Cybersecurity is for those who want to have impact—it’s not just for techies
The challenges in cybersecurity go far beyond technology. There are political challenges, social challenges, management challenges, design challenges. That means the field needs a diversity of thought leadership.
“There’s more to do than just computer programming if you’re going into security,” said Trzeciak. “We’ve had very successful MSISPM students with [undergraduate] degrees in finance and accounting, business, political science, international relations…when you get those folks into a room together and talk about the legal and privacy aspects of information security, it’s a great discussion. It’s more than just a technical discussion.”
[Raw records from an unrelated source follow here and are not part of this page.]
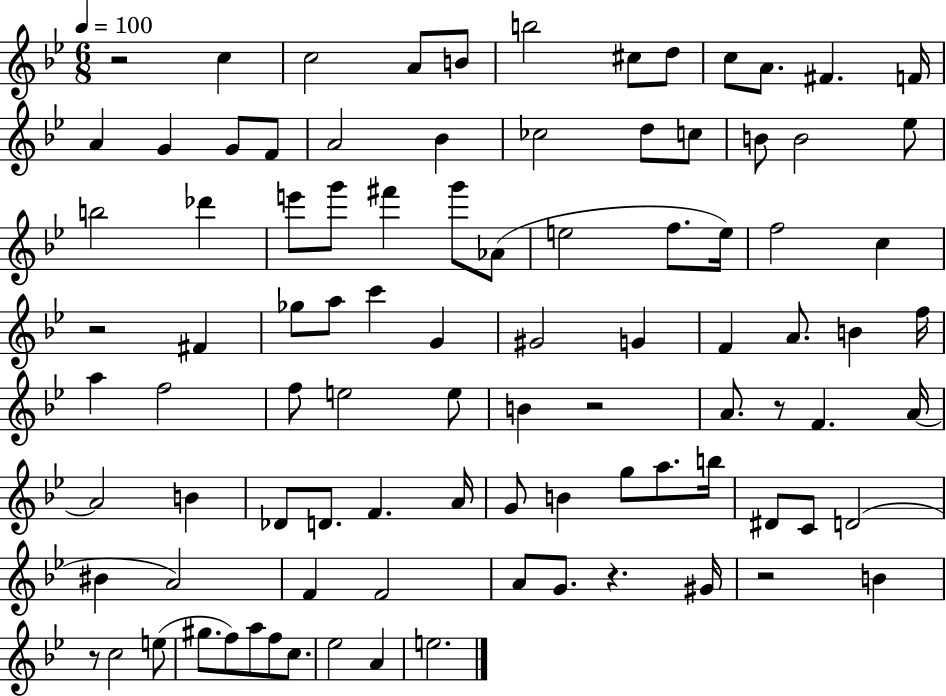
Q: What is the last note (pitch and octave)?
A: E5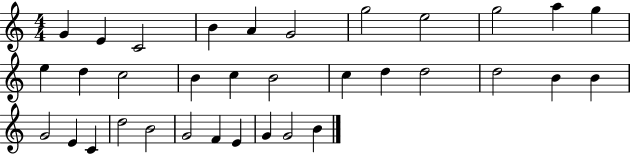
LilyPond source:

{
  \clef treble
  \numericTimeSignature
  \time 4/4
  \key c \major
  g'4 e'4 c'2 | b'4 a'4 g'2 | g''2 e''2 | g''2 a''4 g''4 | \break e''4 d''4 c''2 | b'4 c''4 b'2 | c''4 d''4 d''2 | d''2 b'4 b'4 | \break g'2 e'4 c'4 | d''2 b'2 | g'2 f'4 e'4 | g'4 g'2 b'4 | \break \bar "|."
}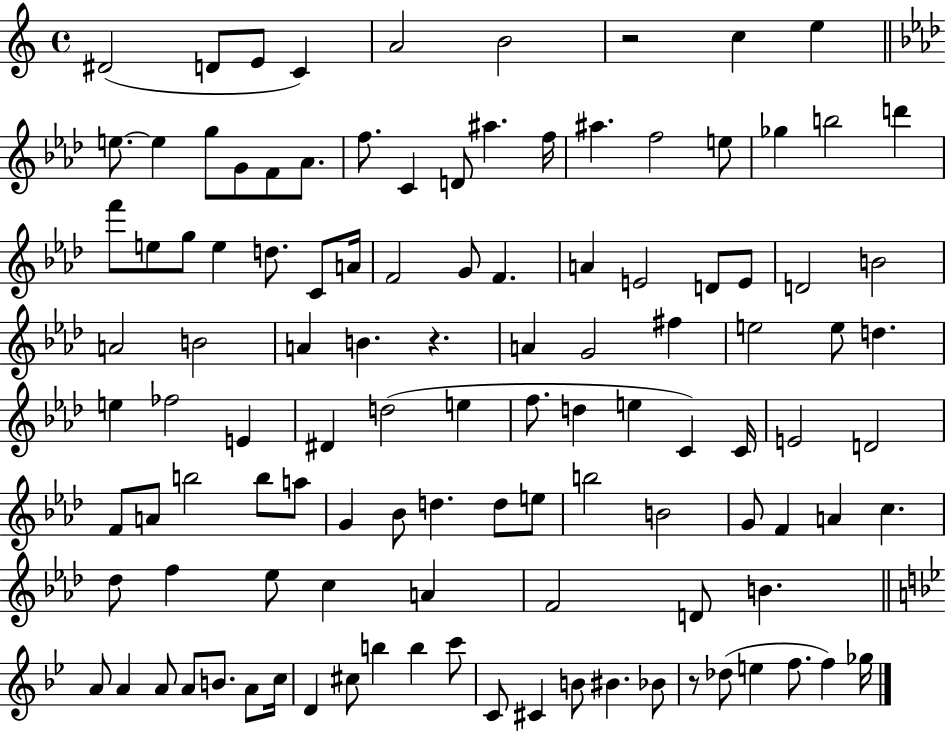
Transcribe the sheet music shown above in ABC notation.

X:1
T:Untitled
M:4/4
L:1/4
K:C
^D2 D/2 E/2 C A2 B2 z2 c e e/2 e g/2 G/2 F/2 _A/2 f/2 C D/2 ^a f/4 ^a f2 e/2 _g b2 d' f'/2 e/2 g/2 e d/2 C/2 A/4 F2 G/2 F A E2 D/2 E/2 D2 B2 A2 B2 A B z A G2 ^f e2 e/2 d e _f2 E ^D d2 e f/2 d e C C/4 E2 D2 F/2 A/2 b2 b/2 a/2 G _B/2 d d/2 e/2 b2 B2 G/2 F A c _d/2 f _e/2 c A F2 D/2 B A/2 A A/2 A/2 B/2 A/2 c/4 D ^c/2 b b c'/2 C/2 ^C B/2 ^B _B/2 z/2 _d/2 e f/2 f _g/4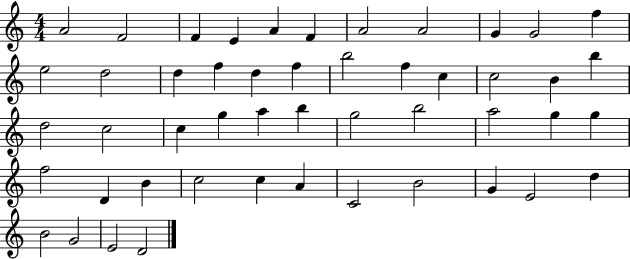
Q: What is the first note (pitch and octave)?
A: A4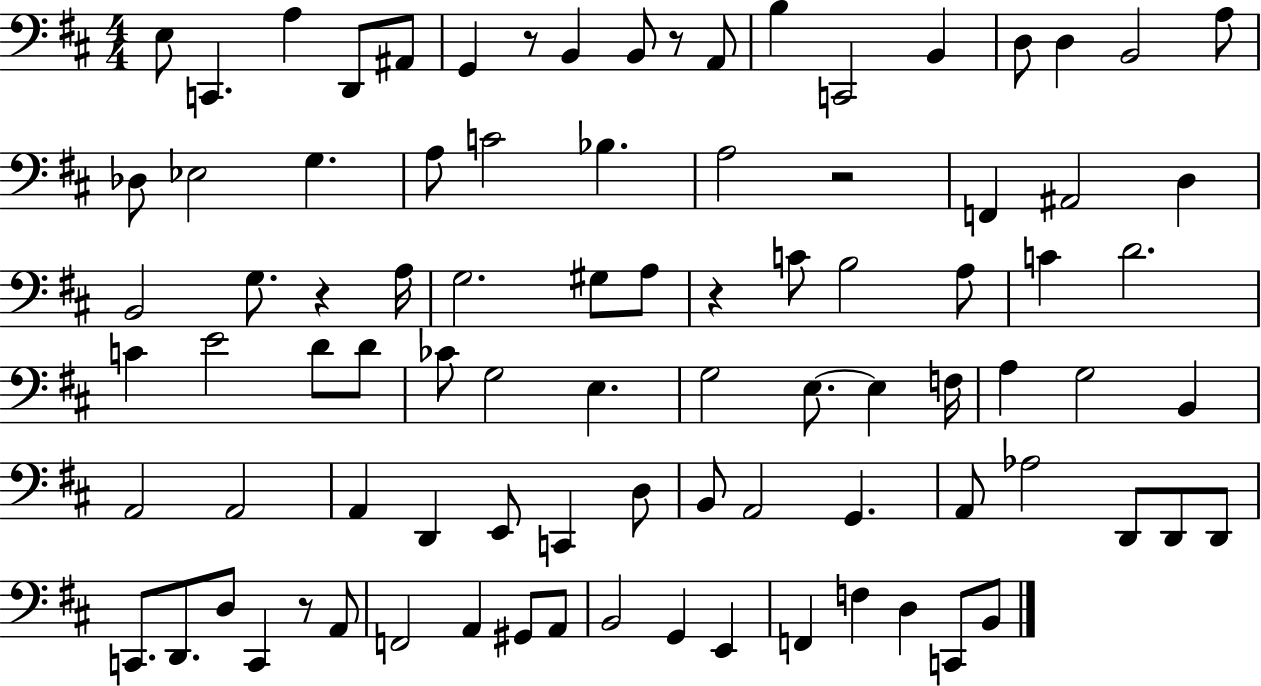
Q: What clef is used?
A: bass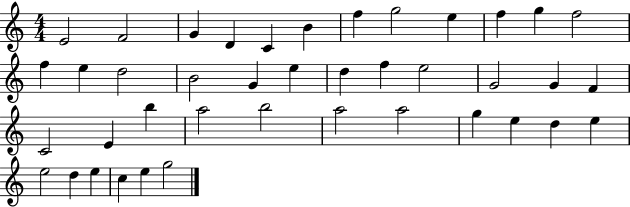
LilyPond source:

{
  \clef treble
  \numericTimeSignature
  \time 4/4
  \key c \major
  e'2 f'2 | g'4 d'4 c'4 b'4 | f''4 g''2 e''4 | f''4 g''4 f''2 | \break f''4 e''4 d''2 | b'2 g'4 e''4 | d''4 f''4 e''2 | g'2 g'4 f'4 | \break c'2 e'4 b''4 | a''2 b''2 | a''2 a''2 | g''4 e''4 d''4 e''4 | \break e''2 d''4 e''4 | c''4 e''4 g''2 | \bar "|."
}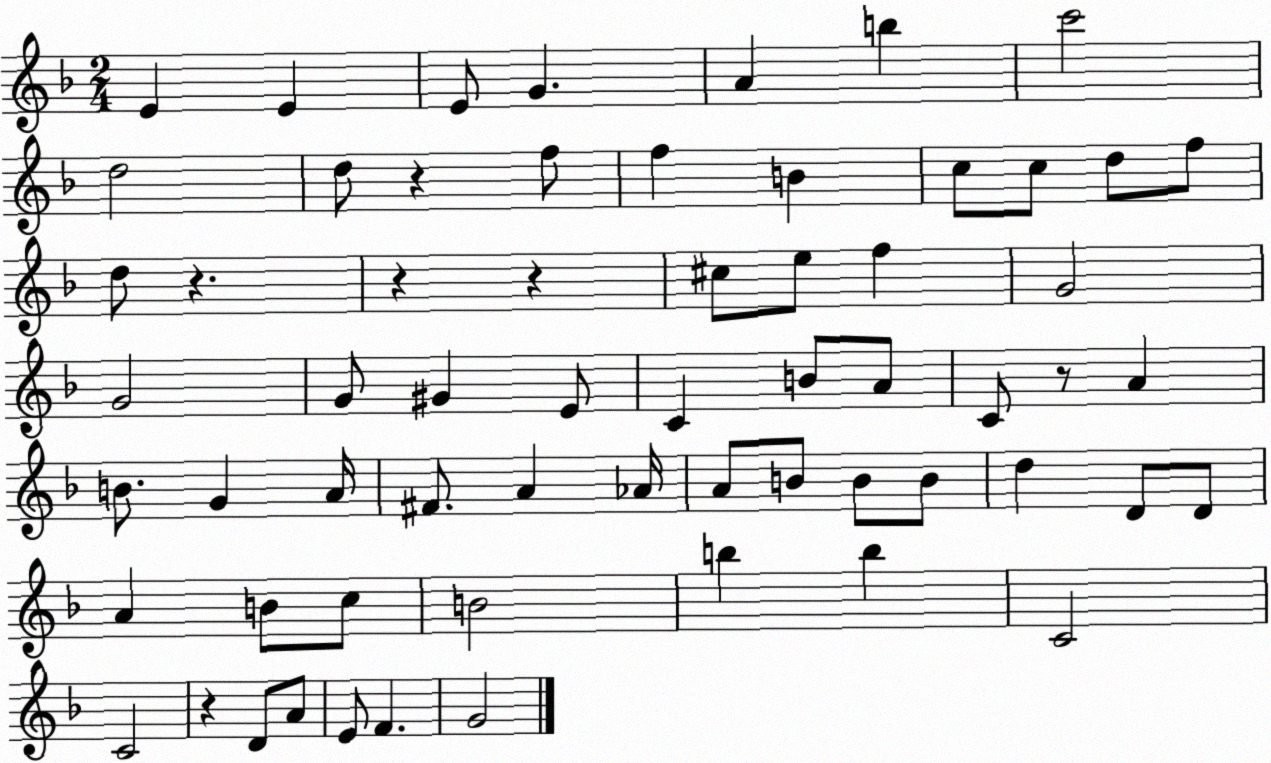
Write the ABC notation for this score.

X:1
T:Untitled
M:2/4
L:1/4
K:F
E E E/2 G A b c'2 d2 d/2 z f/2 f B c/2 c/2 d/2 f/2 d/2 z z z ^c/2 e/2 f G2 G2 G/2 ^G E/2 C B/2 A/2 C/2 z/2 A B/2 G A/4 ^F/2 A _A/4 A/2 B/2 B/2 B/2 d D/2 D/2 A B/2 c/2 B2 b b C2 C2 z D/2 A/2 E/2 F G2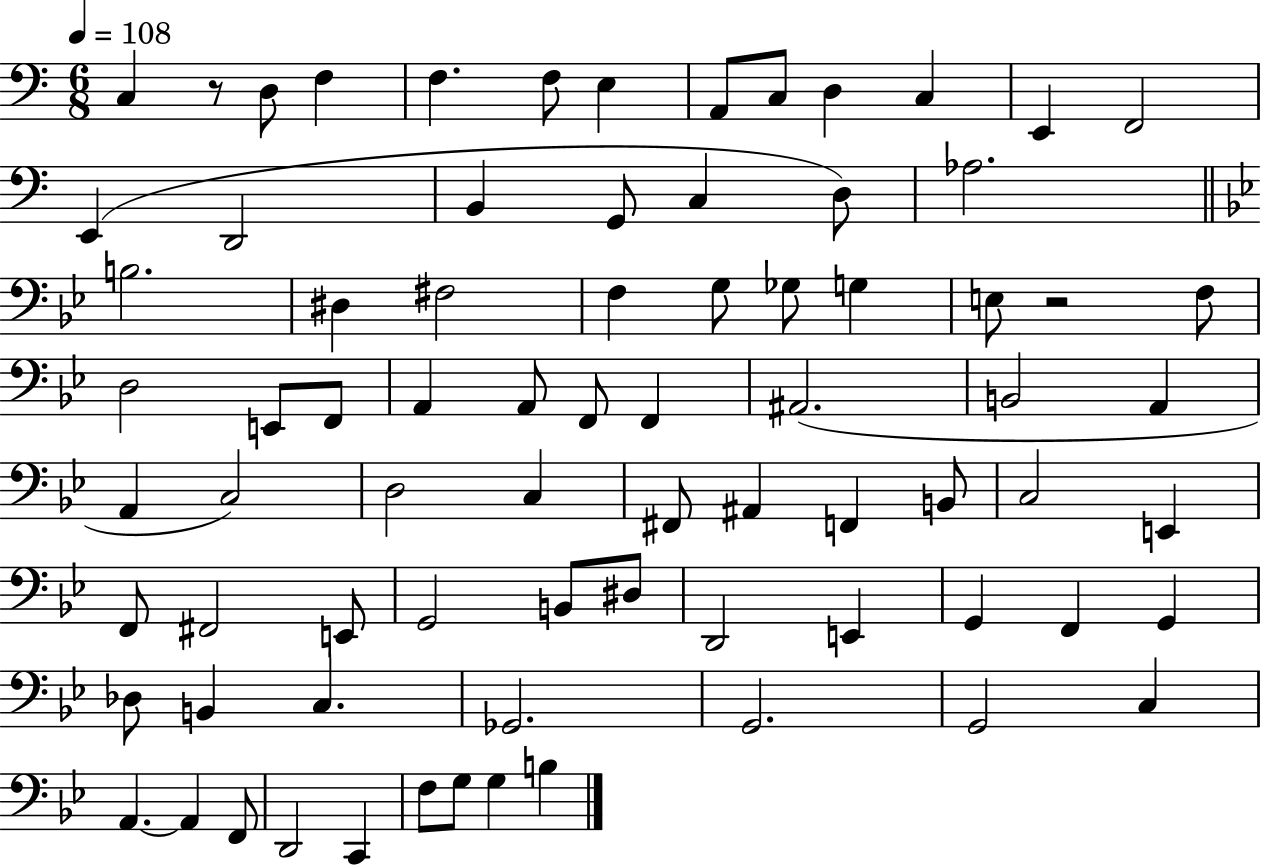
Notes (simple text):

C3/q R/e D3/e F3/q F3/q. F3/e E3/q A2/e C3/e D3/q C3/q E2/q F2/h E2/q D2/h B2/q G2/e C3/q D3/e Ab3/h. B3/h. D#3/q F#3/h F3/q G3/e Gb3/e G3/q E3/e R/h F3/e D3/h E2/e F2/e A2/q A2/e F2/e F2/q A#2/h. B2/h A2/q A2/q C3/h D3/h C3/q F#2/e A#2/q F2/q B2/e C3/h E2/q F2/e F#2/h E2/e G2/h B2/e D#3/e D2/h E2/q G2/q F2/q G2/q Db3/e B2/q C3/q. Gb2/h. G2/h. G2/h C3/q A2/q. A2/q F2/e D2/h C2/q F3/e G3/e G3/q B3/q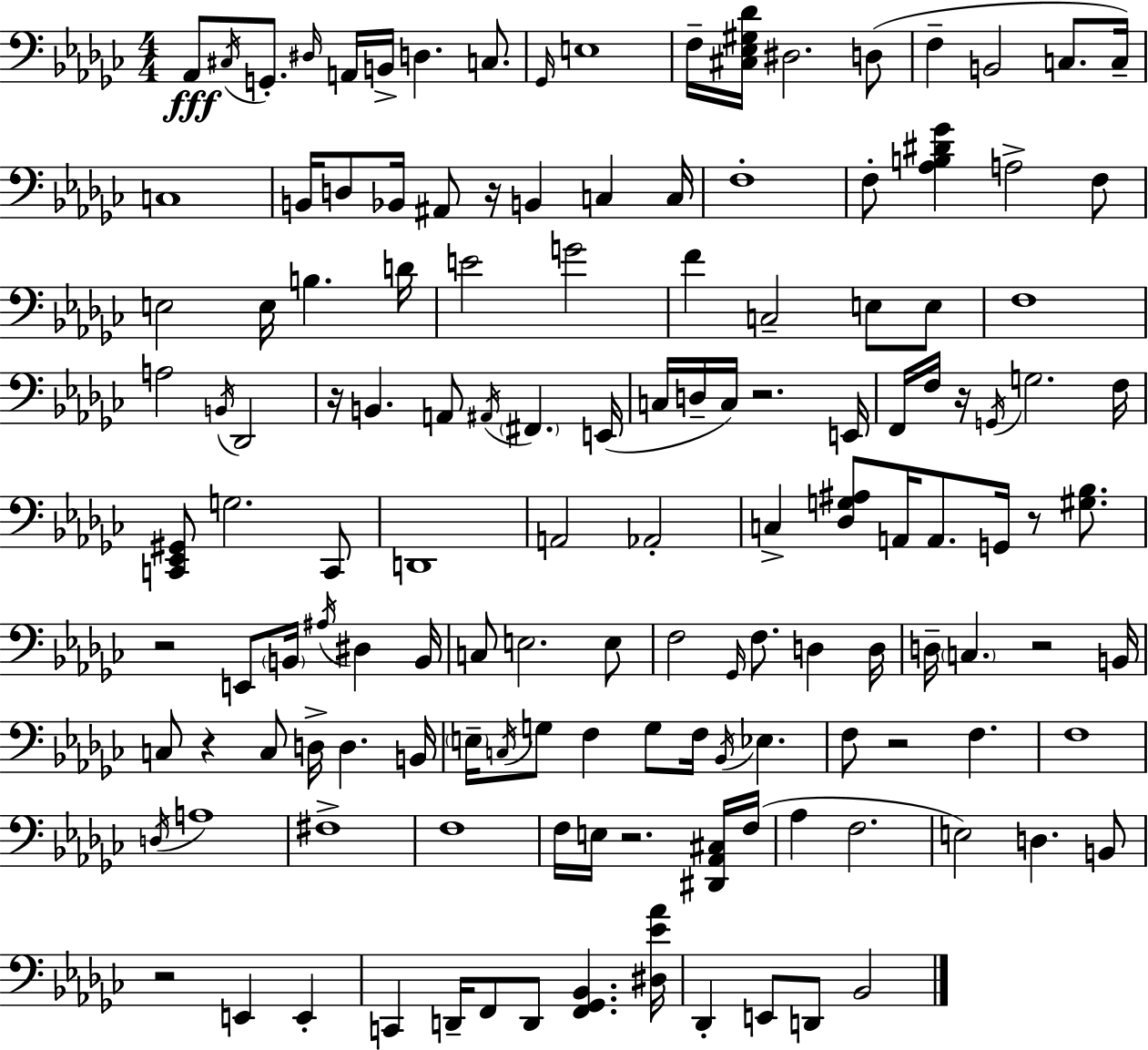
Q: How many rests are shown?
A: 11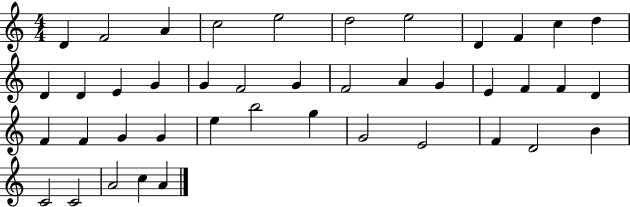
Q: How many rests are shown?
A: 0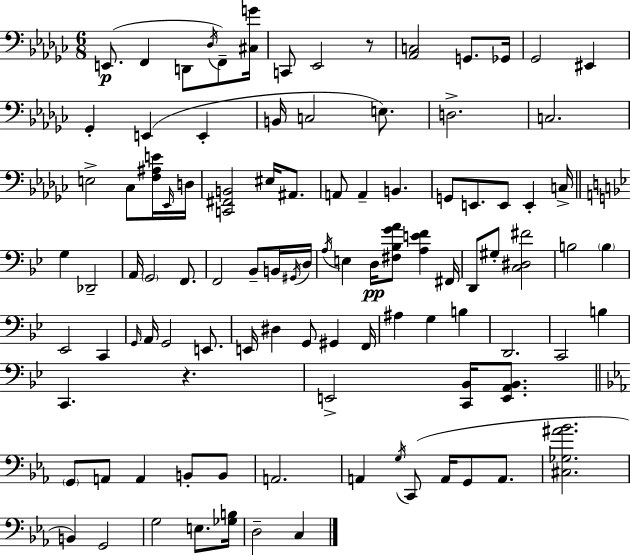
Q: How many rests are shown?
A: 2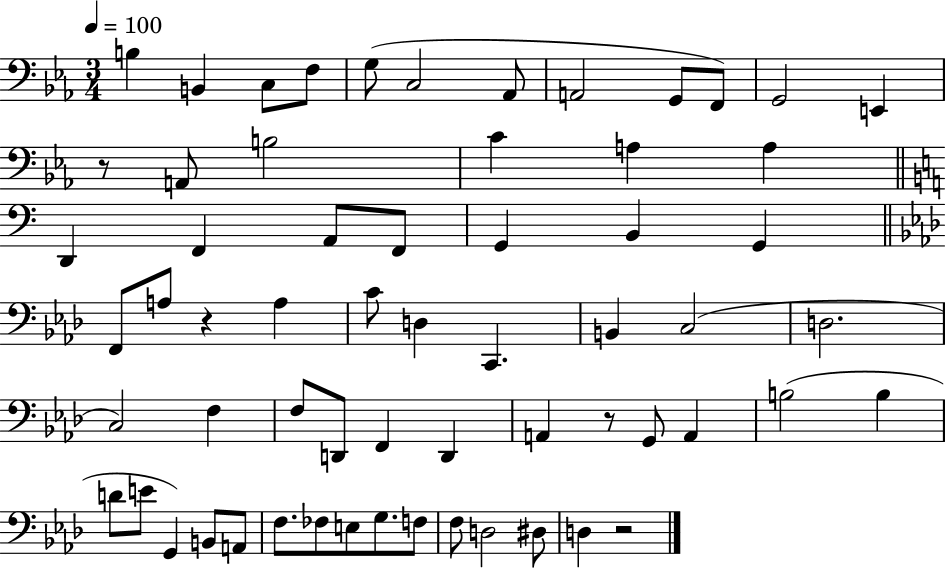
B3/q B2/q C3/e F3/e G3/e C3/h Ab2/e A2/h G2/e F2/e G2/h E2/q R/e A2/e B3/h C4/q A3/q A3/q D2/q F2/q A2/e F2/e G2/q B2/q G2/q F2/e A3/e R/q A3/q C4/e D3/q C2/q. B2/q C3/h D3/h. C3/h F3/q F3/e D2/e F2/q D2/q A2/q R/e G2/e A2/q B3/h B3/q D4/e E4/e G2/q B2/e A2/e F3/e. FES3/e E3/e G3/e. F3/e F3/e D3/h D#3/e D3/q R/h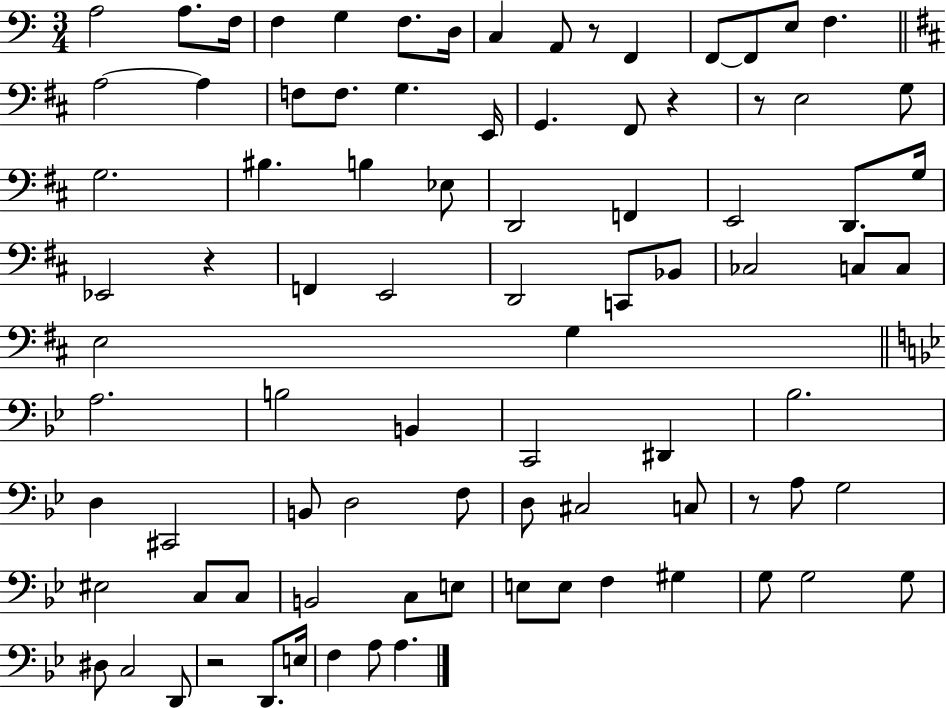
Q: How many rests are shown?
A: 6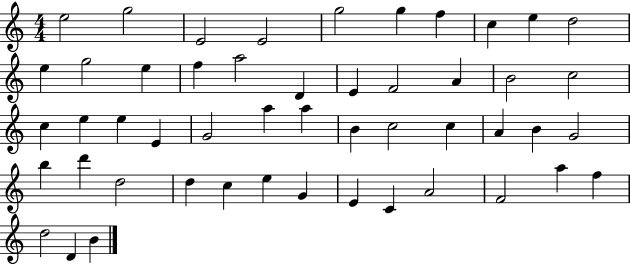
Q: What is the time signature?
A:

Urgilez is a perfect example. She got a bachelor’s in political science from Yale, then spent several years working in the public sector before returning to school for her master’s degree. She admits to being hesitant at the time she applied, acknowledging CMU’s reputation as a computer science juggernaut alongside her own “soft” (her word) liberal arts background; she submitted her application to Heinz College on the last day of the admissions window.
She’s glad she did. At Heinz, Urgilez has come to see cybersecurity less as a hard science and more as an area where policy-minded people like her can do good in the world. She intends to take what she’s learned here back to the public sector after graduation, and to continue working to make the world safer.
“I see it as a way to give back to my country,” she said.
Jennifer Urgilez was on the CMU team that won the 2016 National Cyber Analyst Challenge; her teammates included fellow MSISPM students Sara Mitchell, Krishna Chirumamilla, and Daniel Widya Suryanata, along with Jennifer Burns from CMU's Information Networking Institute.